-- Opening Marker --
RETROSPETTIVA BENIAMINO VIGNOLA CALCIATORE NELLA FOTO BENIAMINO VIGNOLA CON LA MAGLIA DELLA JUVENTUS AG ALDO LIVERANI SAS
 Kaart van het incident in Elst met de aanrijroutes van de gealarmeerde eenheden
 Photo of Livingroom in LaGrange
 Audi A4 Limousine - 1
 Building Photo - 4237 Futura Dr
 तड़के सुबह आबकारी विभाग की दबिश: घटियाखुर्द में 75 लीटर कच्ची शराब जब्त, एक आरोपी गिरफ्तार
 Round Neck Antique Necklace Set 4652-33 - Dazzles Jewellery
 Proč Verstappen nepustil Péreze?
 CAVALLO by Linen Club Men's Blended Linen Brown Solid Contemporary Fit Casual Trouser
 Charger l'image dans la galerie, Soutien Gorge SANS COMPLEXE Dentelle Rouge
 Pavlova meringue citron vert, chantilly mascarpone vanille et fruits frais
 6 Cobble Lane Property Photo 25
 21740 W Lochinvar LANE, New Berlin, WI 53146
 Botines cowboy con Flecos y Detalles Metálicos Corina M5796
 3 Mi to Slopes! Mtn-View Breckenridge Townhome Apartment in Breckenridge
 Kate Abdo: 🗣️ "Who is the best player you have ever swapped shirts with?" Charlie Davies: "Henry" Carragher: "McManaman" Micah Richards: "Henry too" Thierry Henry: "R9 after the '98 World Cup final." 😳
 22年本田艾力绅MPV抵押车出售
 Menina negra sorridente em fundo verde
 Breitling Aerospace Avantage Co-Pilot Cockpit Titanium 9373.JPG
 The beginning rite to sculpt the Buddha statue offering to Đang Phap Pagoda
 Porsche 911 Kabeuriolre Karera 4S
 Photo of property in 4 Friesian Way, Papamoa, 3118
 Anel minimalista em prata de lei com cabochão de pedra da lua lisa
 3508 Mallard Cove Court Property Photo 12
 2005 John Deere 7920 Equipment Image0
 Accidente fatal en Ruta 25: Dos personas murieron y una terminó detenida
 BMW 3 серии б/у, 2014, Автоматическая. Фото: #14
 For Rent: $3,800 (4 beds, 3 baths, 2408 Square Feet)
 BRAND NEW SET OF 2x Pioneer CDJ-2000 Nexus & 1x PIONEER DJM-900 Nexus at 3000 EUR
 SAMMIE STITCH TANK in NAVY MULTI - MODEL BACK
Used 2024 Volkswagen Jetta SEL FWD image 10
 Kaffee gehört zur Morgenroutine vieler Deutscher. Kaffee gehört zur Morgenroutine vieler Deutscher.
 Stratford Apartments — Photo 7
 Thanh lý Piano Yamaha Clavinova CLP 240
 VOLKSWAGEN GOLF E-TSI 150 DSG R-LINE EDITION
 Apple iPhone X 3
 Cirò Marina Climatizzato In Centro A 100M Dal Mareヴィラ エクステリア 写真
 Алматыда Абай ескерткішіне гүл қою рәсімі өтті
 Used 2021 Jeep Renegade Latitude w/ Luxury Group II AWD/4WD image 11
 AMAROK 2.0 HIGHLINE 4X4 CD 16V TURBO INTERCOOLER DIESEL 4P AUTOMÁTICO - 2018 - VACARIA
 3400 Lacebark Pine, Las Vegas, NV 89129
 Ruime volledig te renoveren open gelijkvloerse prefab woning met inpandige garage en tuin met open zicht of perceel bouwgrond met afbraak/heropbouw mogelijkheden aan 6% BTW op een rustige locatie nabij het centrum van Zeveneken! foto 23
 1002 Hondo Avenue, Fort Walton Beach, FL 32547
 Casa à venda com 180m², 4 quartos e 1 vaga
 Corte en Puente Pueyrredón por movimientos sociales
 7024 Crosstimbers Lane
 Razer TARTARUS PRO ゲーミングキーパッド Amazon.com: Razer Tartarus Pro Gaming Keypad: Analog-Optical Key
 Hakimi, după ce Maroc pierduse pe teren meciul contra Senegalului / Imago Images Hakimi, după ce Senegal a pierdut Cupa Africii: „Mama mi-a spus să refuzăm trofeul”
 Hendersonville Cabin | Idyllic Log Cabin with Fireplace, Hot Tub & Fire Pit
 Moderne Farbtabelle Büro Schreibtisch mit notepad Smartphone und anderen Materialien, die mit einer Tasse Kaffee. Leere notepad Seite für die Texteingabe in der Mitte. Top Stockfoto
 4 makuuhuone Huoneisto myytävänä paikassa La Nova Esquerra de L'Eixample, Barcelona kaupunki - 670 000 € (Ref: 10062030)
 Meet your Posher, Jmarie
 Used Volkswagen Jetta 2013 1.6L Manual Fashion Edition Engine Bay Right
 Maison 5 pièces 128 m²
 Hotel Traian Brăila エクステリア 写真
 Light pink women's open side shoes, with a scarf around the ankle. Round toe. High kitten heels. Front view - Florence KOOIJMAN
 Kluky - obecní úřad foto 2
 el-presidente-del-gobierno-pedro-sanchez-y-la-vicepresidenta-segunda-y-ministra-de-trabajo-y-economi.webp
-- Closing Marker --
## Assignment
From the listing above, output exactly the run of lines that starts with the line containing "Thanh lý Piano Yamaha Clavinova CLP 240" and ends with the line containing "7024 Crosstimbers Lane".

## The answer
 Thanh lý Piano Yamaha Clavinova CLP 240
 VOLKSWAGEN GOLF E-TSI 150 DSG R-LINE EDITION
 Apple iPhone X 3
 Cirò Marina Climatizzato In Centro A 100M Dal Mareヴィラ エクステリア 写真
 Алматыда Абай ескерткішіне гүл қою рәсімі өтті
 Used 2021 Jeep Renegade Latitude w/ Luxury Group II AWD/4WD image 11
 AMAROK 2.0 HIGHLINE 4X4 CD 16V TURBO INTERCOOLER DIESEL 4P AUTOMÁTICO - 2018 - VACARIA
 3400 Lacebark Pine, Las Vegas, NV 89129
 Ruime volledig te renoveren open gelijkvloerse prefab woning met inpandige garage en tuin met open zicht of perceel bouwgrond met afbraak/heropbouw mogelijkheden aan 6% BTW op een rustige locatie nabij het centrum van Zeveneken! foto 23
 1002 Hondo Avenue, Fort Walton Beach, FL 32547
 Casa à venda com 180m², 4 quartos e 1 vaga
 Corte en Puente Pueyrredón por movimientos sociales
 7024 Crosstimbers Lane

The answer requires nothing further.